Those may be great theses, but we can't really buy them. Today's geopolitics result from two millennia of being rational? Nah. Nor can we imagine the global population, from the Great Wall of China to the Andes, long before there were telephones, collectively agreeing to breed superstition out.
So what did happen to magic? we wondered as we headed for the PMA Show in March. And there, in the city of Lance Burton and David Copperfield, Siegfried and Roy, and Penn and Teller, it struck us: magic is not extinct. It's alive and well and living in Las Vegas. We know. We ate only fresh sandwiches, but we saw it.
Saw it not in the clubs, but in the Las Vegas Convention Center. But it wasn't called magic. Nowadays it's called software.
Software. The stuff that makes computers go. The instruction set that infuses the inert, the blank, and the dark with the imitation of life. The stuff that permits the same computer that makes out your tax return to also make out your photographs.
What Does It Take to Make a Believer?
Whether or not magic is metaphysical, it's certainly supernatural. "Super" as in "superior to." Nature dictates the laws of light, the laws of optics. Software magic is above all that, and sometimes says phooey to it.
But it took some kind of wizard to make the public believe. Remember the immersive-photography craze? In some cases done literally with mirrors, it turned the computer screen into a window, past which the whole wide world (or as much as was in the picture) could spin. It put the spectator into the hole in a doughnut of reality. It let you look up, look down, look behind. Companies like IPIX came into the world, convinced they would take it by storm marketing simple point-and-shoots—the Olympus D-340 is one we recall, essentially the second Olympus on the market—with a special lens that could turn each photo into a whirling dervish.
It was magical, all right, but the sales weren't. Outside of experimenters and hobbyists and the occasional real-estate broker, there just didn't seem to be much interest from the picture-taking public. Why not? We're not even sure anybody asked.
So let's take an educated guess. It was the late 1990s, and the public as a whole was yet unaccustomed to viewing photos on computer screens. As they approached this suspicious and intimidating entity of digital photography, they yearned for it to be as normal—as unmagical—as could be. On top of that, they didn't want all the doodads that went with creating immersive photos: the time, the effort, and, often as not, the flawed results. They wanted to snap the shutter, drop the pictures off at the minilab, come back in an hour for prints. Just like Grandpa used to do.

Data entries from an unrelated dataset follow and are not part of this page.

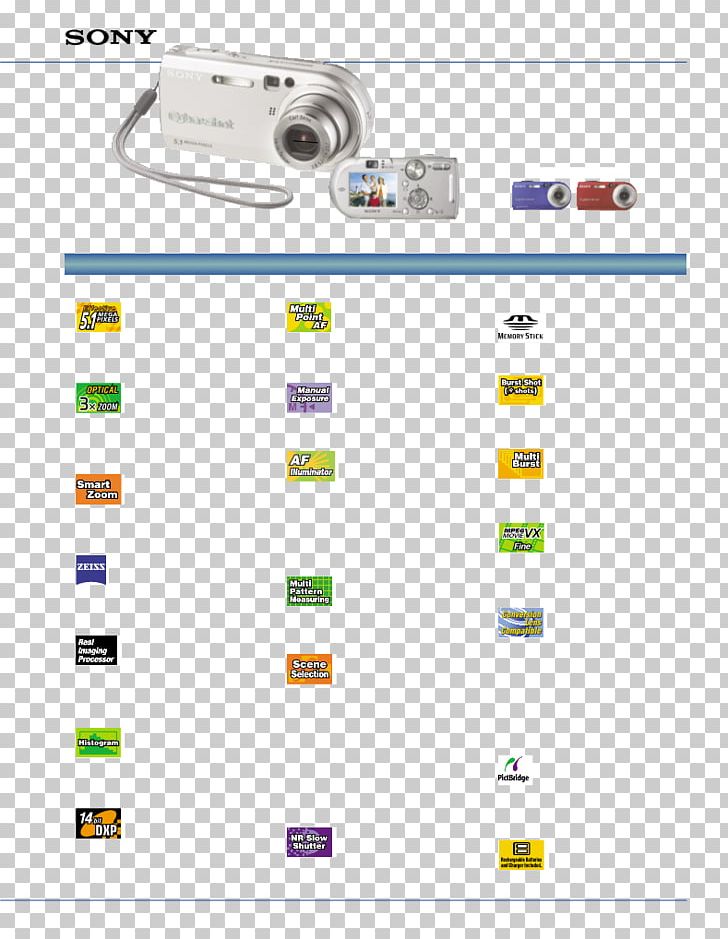 Sony DSC-P100 Brand 5.1 Mp PNG, Clipart, Area, Brand, Ccd, Cybershot, Diagram Free PNG Download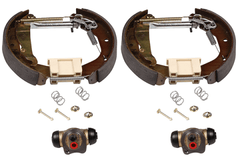 Bremsbackensatz Hinterachse für OPEL CORSA A CC TR KADETT E Combo Kasten/Kombi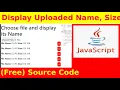 Ep85 - Upload Multiple File and Display Name Size with removable Button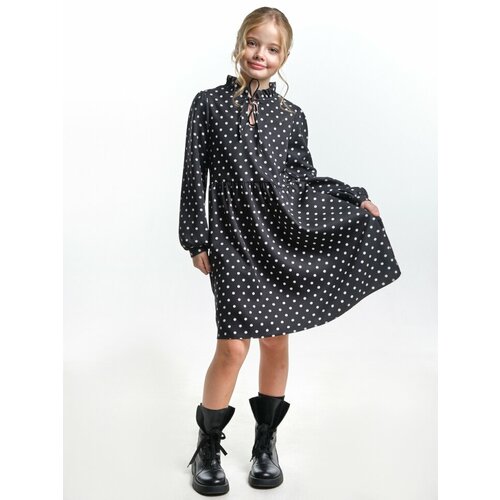 Платье Mini Maxi, размер 140, черный брюки mini maxi размер 140 мультиколор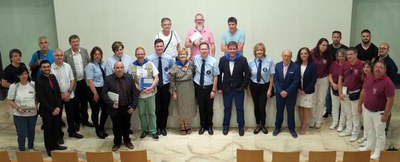 Recepció oficial als representants de les bandes a la Regidoria de Cultura.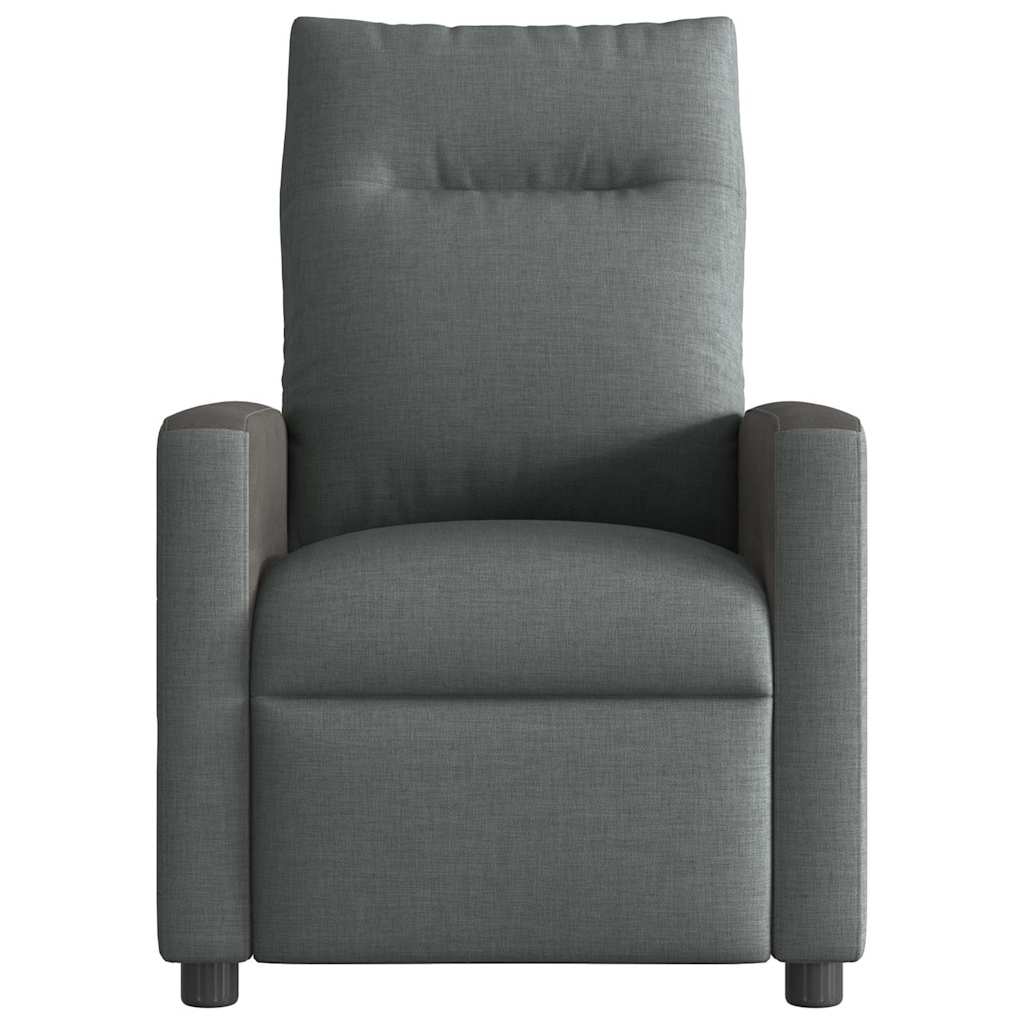 vidaXL Relaxsessel Elektrisch Dunkelgrau Stoff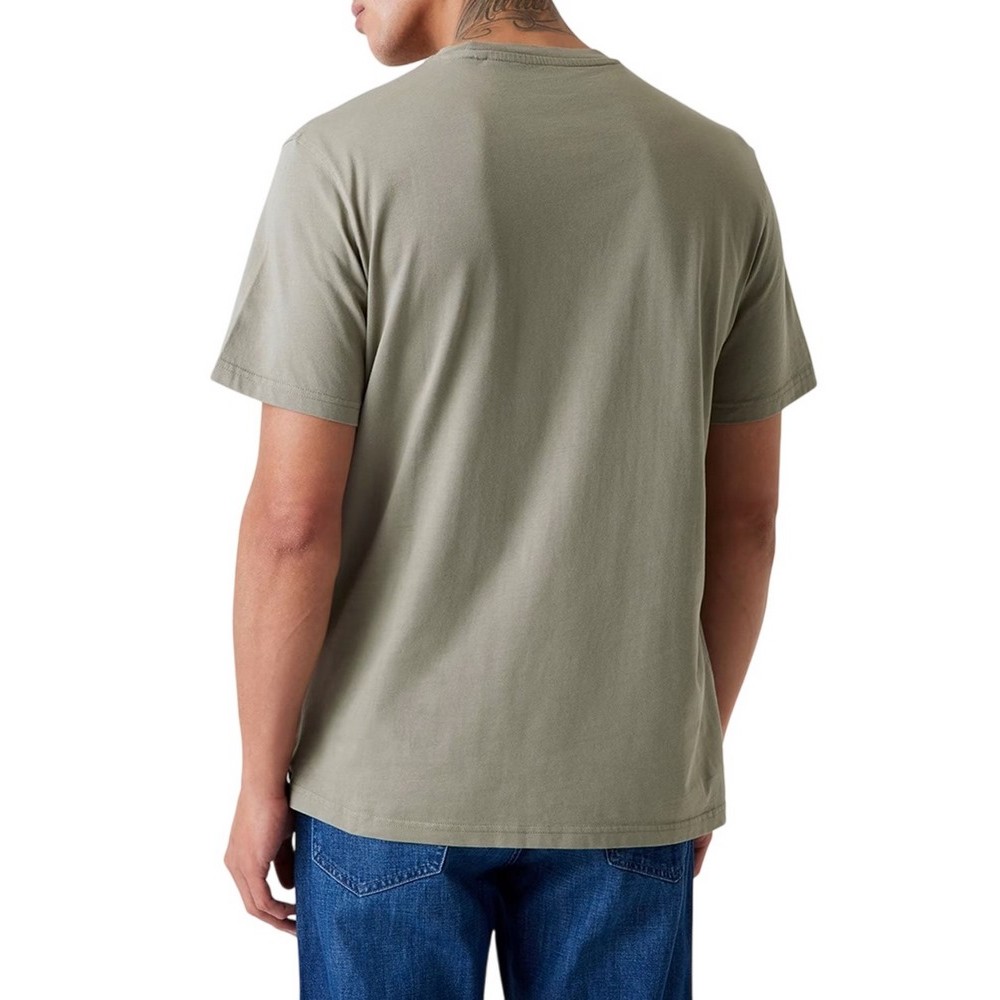 GUESS CN BOX LOGO TEE T-SHIRT ΜΠΛΟΥΖΑ ΑΝΔΡΙΚΗ KHAKI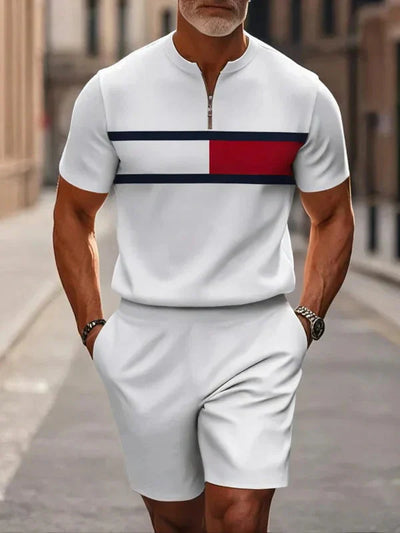 Stanisław – Dwuczęściowy męski komplet polo, który się wyróżnia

Undaunted, the software industry lowered its sights. Instead of stitching a full circle of photos together (as some immersive systems did), how about stitching just a few? So that, instead of the hole of the doughnut, you get CinemaScope?

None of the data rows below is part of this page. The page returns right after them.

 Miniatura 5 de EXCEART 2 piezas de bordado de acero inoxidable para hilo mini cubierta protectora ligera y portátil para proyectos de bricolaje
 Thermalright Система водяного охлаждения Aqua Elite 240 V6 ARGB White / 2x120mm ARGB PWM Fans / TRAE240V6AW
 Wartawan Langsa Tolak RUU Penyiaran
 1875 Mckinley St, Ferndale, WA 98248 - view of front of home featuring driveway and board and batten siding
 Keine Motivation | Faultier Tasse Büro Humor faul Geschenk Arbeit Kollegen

Where immersive software produced results that were, arguably, gimmicky, panoramic software had some tangible advantages. Lens doesn't have enough of a wide angle? Can't back away enough to get a large subject in frame? Why not take two or three pictures, horizontally or vertically, and stitch them together in software? What a great idea. And with a little bit of care, it works.

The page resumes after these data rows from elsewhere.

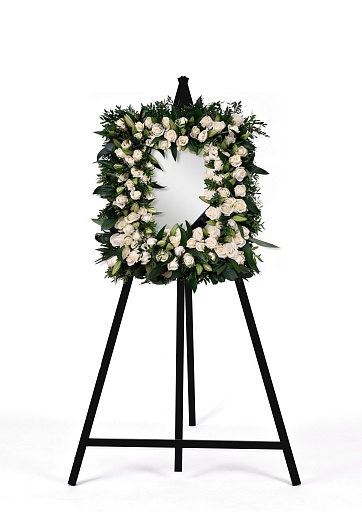 Оклад Портрета из живых цветов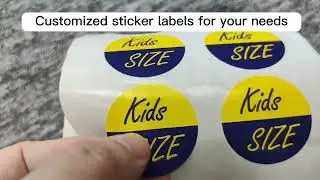 Customized Pattern Paper Sticker Labels #papersticker #customsticker #stickerlabels #shorts
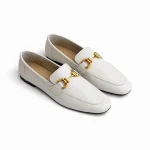 AXEL Beige Leather Women's Loafer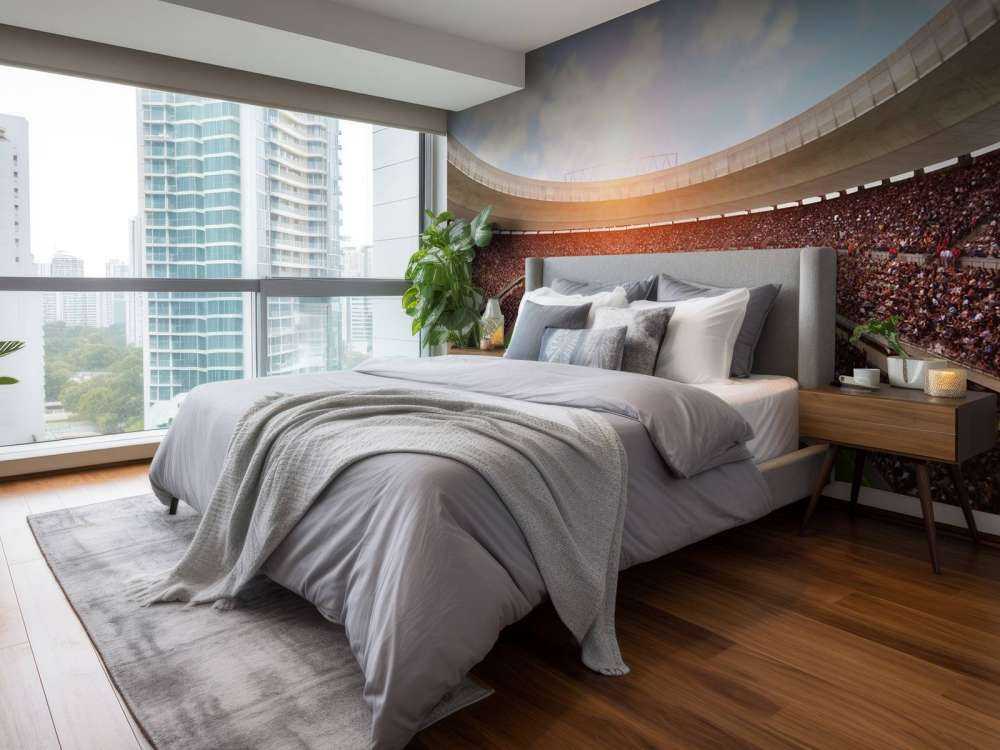 Gevuld voetbalstadion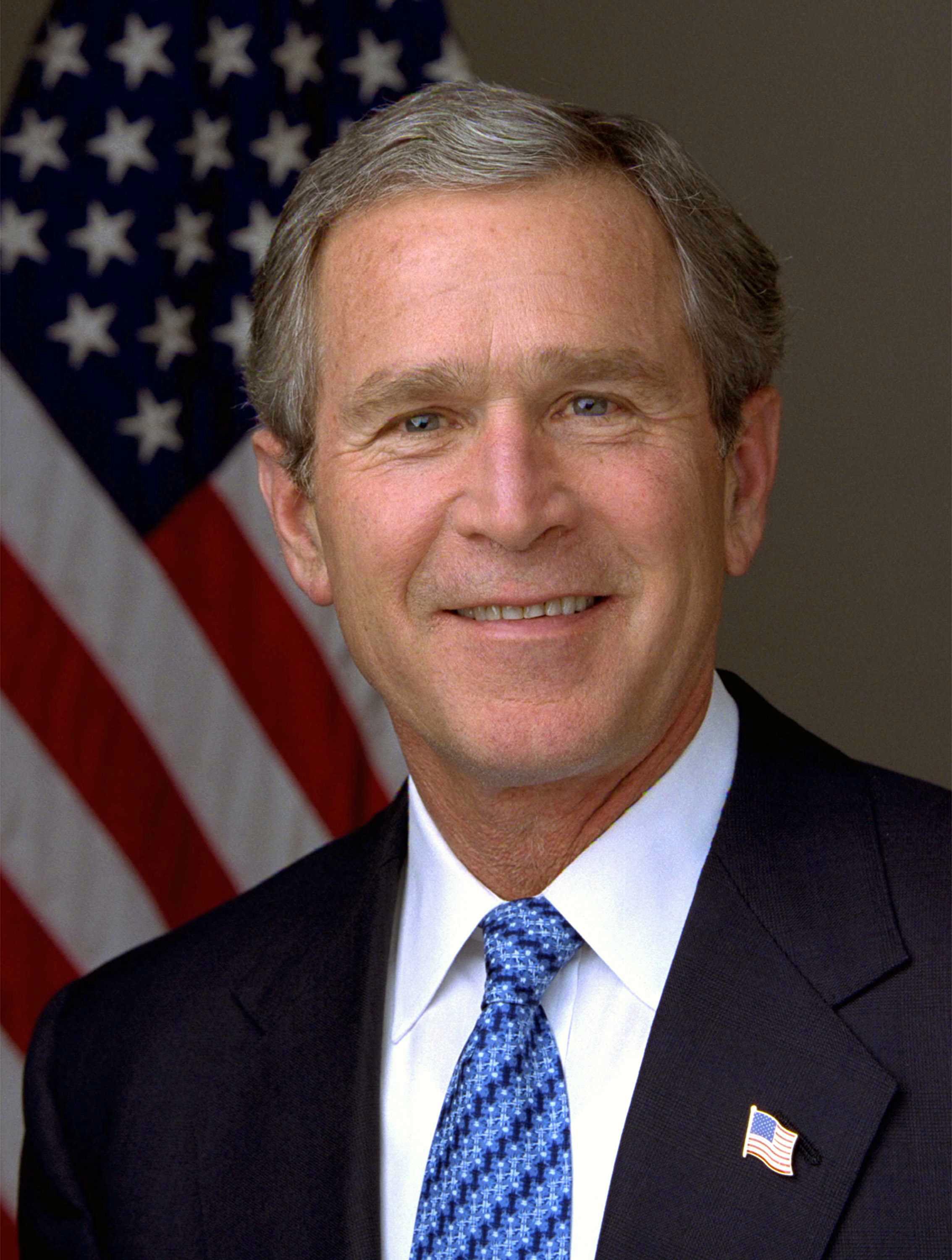 Portraits faux vrais et autoportraits imaginés George-W-Bush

But subjects suitable to stitched photos usually have to be motionless. If your stitched panorama is a streetscape, and somebody was out walking when you snapped your pix, he may appear twice in the final result. Stitched pictures work, but they work best with still-lifes.
Pulling Rabbits from Hats
One of the challenges of the times, of course, was that we were trying to pull big rabbits from small hats. Many of those software programs were processor-intensive, and the old AT-bus computer had neither speed nor capacity. Software fun-and-games could be successful, but it could also be time-consuming in a world raised on instant gratification.
Today, of course, the hats are bigger. The computer you buy now for 700 bucks has the throughput practically of what they once called supercomputers.